The data should be printed again, exactly.

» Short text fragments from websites
__________
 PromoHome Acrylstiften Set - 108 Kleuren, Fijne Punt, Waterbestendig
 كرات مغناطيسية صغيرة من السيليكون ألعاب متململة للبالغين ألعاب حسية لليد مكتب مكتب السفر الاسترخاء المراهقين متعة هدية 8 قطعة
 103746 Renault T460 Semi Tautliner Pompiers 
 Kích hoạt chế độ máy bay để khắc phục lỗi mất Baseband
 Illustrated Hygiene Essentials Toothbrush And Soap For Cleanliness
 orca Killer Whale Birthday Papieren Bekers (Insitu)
__________
» Output below
 PromoHome Acrylstiften Set - 108 Kleuren, Fijne Punt, Waterbestendig
 كرات مغناطيسية صغيرة من السيليكون ألعاب متململة للبالغين ألعاب حسية لليد مكتب مكتب السفر الاسترخاء المراهقين متعة هدية 8 قطعة
 103746 Renault T460 Semi Tautliner Pompiers 
 Kích hoạt chế độ máy bay để khắc phục lỗi mất Baseband
 Illustrated Hygiene Essentials Toothbrush And Soap For Cleanliness
 orca Killer Whale Birthday Papieren Bekers (Insitu)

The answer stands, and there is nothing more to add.